UTPD follows Clery Act to keep students informed

Ashley Liu

UT Safety Alert sent out an email last Friday to notify students of a physical altercation that took place off campus, where a student was punched in the back of the head. Although the incident took place off campus, UT was required to report it to students in compliance with the federal Jeanne Clery Act.

The origin of this law dates back to the 1986 rape and murder of Lehigh University student Jeanne Clery. The murder, which occurred in Jeanne’s dorm room, resulted in backlash against unreported crimes on college campuses across the nation. Jeanne’s parents filed a $25 million lawsuit against Lehigh. After settling out of court for an undisclosed amount, they used the settlement to help advocate for legislation requiring more transparency from universities concerning criminal activity on or surrounding campus.
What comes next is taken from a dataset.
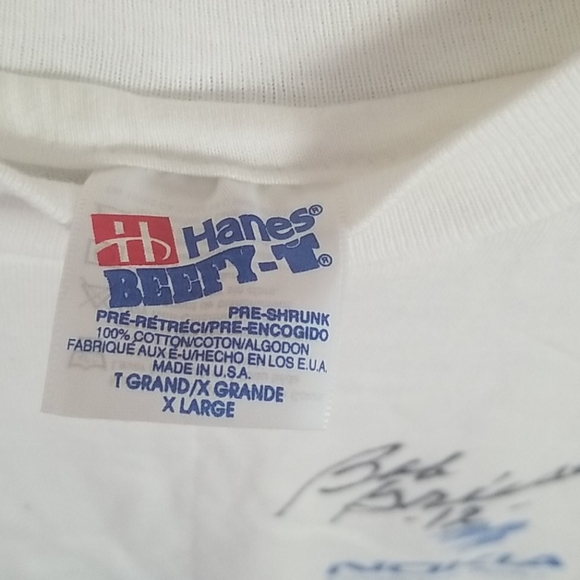 Sugar Bowl autographed tshirt - Picture 6 of 6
The federal Jeanne Clery Act Disclosure of Campus Security Policy and Campus Statistics Act requires all universities who receive federal financial aid to disclose information about crime. A compliance statement was included at the top of Friday’s Safety Alert email.

“A Clery Act applies to crimes that happened within the boundaries of campus and areas that (are) immediately adjacent or accessible to campus,” Assistant Chief of Police Don Verett said. “It could even apply to a property that’s associated with UT like the Pickle Research Center.”

The Clery Act mandates institutions report on murder, sex offenses, robbery, aggravated assault, burglary, motor vehicle theft, arson, arrest, hate crimes and other notable incidents.

“If a Clery-defined crime happens in a Clery-reportable geography then we are required to put out a timely warning,” Verett said. “We have discretion over other crimes, but we try to warn the community about on-going threats to campus regardless … even if it’s just a weather alert.”

Biochemistry sophomore Jacquelyn Chan lives off campus and said she is glad to see existing policies that make the safety of her surroundings transparent.

“I walk home late alone every night,” Chan said. “I’m happy to hear that UTPD doesn’t sugarcoat the crimes around us and that they’re willing warn us about potential threats. College campuses, especially a big one like UT, can be quite messy.”

Verett said there are non-Clery crimes that UTPD has or could send out warnings about, such as bicycle theft trends or Peeping Toms.

Although police jurisdiction can overlap between UTPD and the Austin Police Department, Verett said students do not have to worry about who to contact and should just “call 911.”

Verett said notices are sent as soon as UTPD has relevant information.

“We put these notices out of abundance of caution,” Verett said. “We don’t put out a lot of them but they’re necessary to keep the community safe.”

Yasmine Kem, student security coordinator of the Division of Housing and Food Service, said it’s absolutely necessary for UTPD to report crimes even if they didn’t happen on campus.

“The majority of UT students live off-campus,” undeclared sophomore Kem said. “It’s scary to picture what it would be like if UTPD didn’t have to tell us about ongoing crimes and threats just because it didn’t happen in a class.”